Caminó hasta el fondo de la sala y cogió su maleta, que tenía aspecto de nueva, pero de poca calidad. Se dirigió a grandes zancadas hacia la salida y, haciendo chocar la cortina de cuentas al pasar, bajó por los escalones.
Bond se acercó rápidamente a la barra.
—Adiós, Tiffy. Espero volver por aquí algún día. Si alguien preguntara por mí, dile que estoy en el hotel Thunderbird, en Bloody Bay.
Tiffy tendió una mano y le tocó la manga con timidez.
—Vaya con cuidado por allí, señor Mark. Hay dinero de gángsters en ese lugar. Y cuídese mucho. —Movió la cabeza en dirección a la salida.— Ese es el peor hombre del que he oído hablar jamás. —Luego se inclinó hacia delante y susurró—: En la bolsa hay maría
[3]
por valor de mil dólares. Un «rasta» la dejó para él esta mañana, así que la husmeé. —Retrocedió con rapidez.
—Gracias, Tiffy —dijo Bond—. Haz que la obá Edna realice un buen trabajo. Ya te explicaré por qué algún día, espero. ¡Adiós!
Salió rápidamente y bajó a la calle, donde esperaba un Thunderbird rojo descapotable, con el tubo de escape sonando como el de una lancha rápida de lujo. El chófer era un jamaicano vestido con elegancia, con gorra de visera. Una banderola roja en la antena de la radio llevaba escrito
hotel thunderbird
con letras doradas. Scaramanga ya estaba sentado junto al chófer.
—Siéntese detrás —dijo a Bond con impaciencia— y le acercaremos hasta su coche. Luego nos sigue. Después de un trozo, hay buena carretera.
James Bond entró en el coche y empezó a preguntarse si debería disparar al hombre en la nuca, el viejo punto de perforación de la Gestapo-KGB. Pero una mezcla de razones se lo impidió: le picaba la curiosidad, sentía un odio profundo por el asesinato a sangre fría, le daba la sensación de que aquél no era el momento predestinado para ello y existía la probabilidad de que tuviera que asesinar al chófer también; todo eso en combinación con la suavidad de la noche y con el hecho de que en el aparato de música estaba sonando ahora una buena grabación de una de sus canciones favoritas,
Cuando te vayas
, al mismo tiempo que las cigarras cantaban desde el viejo
Lignum vitae
. Todo le dijo que aún no era el momento. Pero en el preciso instante en que el coche descendía por Love Lane en dirección al brillo del mar, James Bond supo que no sólo estaba desobedeciendo órdenes o, en el mejor de los casos, esquivándolas, sino comportándose como un completo imbécil.
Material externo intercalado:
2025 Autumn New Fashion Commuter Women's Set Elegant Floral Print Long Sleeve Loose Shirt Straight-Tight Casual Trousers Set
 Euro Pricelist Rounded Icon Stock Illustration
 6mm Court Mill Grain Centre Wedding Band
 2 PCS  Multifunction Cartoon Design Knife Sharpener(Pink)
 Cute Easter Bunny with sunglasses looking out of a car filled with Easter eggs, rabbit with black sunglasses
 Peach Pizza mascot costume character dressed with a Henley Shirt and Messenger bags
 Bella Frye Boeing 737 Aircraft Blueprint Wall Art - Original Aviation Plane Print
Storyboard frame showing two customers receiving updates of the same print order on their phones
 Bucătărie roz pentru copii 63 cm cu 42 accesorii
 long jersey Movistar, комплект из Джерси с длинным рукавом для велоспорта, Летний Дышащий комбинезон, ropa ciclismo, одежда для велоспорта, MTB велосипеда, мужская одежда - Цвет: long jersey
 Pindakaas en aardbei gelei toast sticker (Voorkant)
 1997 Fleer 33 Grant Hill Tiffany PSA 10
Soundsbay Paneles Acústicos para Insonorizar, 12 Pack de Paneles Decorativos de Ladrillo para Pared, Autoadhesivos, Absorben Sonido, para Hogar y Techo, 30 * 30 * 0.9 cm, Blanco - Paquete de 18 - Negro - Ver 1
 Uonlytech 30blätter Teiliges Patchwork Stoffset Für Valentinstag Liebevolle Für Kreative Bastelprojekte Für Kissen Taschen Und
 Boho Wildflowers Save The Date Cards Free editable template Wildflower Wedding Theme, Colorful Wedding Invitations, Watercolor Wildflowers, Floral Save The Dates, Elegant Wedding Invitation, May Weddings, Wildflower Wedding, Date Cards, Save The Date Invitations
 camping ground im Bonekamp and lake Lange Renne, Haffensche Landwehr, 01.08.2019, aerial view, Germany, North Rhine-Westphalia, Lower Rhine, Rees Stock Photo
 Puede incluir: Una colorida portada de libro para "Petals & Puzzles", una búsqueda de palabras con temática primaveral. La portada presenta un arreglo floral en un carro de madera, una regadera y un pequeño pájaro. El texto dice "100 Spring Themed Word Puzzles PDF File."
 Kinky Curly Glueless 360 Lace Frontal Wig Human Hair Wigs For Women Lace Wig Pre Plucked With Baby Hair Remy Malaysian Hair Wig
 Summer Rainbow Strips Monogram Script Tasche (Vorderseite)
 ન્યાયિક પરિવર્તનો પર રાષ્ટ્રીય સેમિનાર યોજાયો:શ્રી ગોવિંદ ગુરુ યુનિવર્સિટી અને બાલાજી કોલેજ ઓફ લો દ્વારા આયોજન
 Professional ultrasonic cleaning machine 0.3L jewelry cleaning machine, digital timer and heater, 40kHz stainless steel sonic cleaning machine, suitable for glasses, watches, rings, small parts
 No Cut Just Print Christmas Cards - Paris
Cuando se llega a un lugar durante una noche oscura, en especial en una tierra extraña que nunca se ha visto antes —una casa extraña, quizás, o un hotel—, incluso al hombre más avispado le asaltan las confusas sensaciones del más humilde turista.
James Bond conocía el mapa de Jamaica por encima. Sabía que el mar había estado siempre cerca, a su izquierda, y cuando, siguiendo las gemelas luces rojas del coche de delante, atravesó la impresionante verja de hierro forjado de la entrada y avanzó por la avenida de jóvenes palmeras reales, oyó las olas que morían en la playa, muy cerca de su coche. Mientras se acercaba, supuso que los campos de caña de azúcar debían de estar al otro lado de un alto muro recién construido alrededor de la propiedad Thunderbird. Se percibía un ligero olor a manglar que bajaba del pie de las altas colinas, cuya silueta había vislumbrado ligeramente bajo la luz de la luna creciente que se deslizaba por la derecha. A pesar de todo, no disponía de pistas para saber con exactitud dónde se encontraba o a qué tipo de lugar se dirigía. Y a él en especial esa sensación le producía gran incomodidad. La primera norma que un agente secreto debe seguir es orientarse geográficamente a la perfección, determinar los medios de acceso y salida, y garantizar las comunicaciones con el mundo exterior. James Bond fue consciente, y eso le causó desazón, de que llevaba una hora conduciendo en el limbo y de que su contacto más cercano era la joven del burdel, a cincuenta kilómetros de distancia. La situación no era tranquilizadora.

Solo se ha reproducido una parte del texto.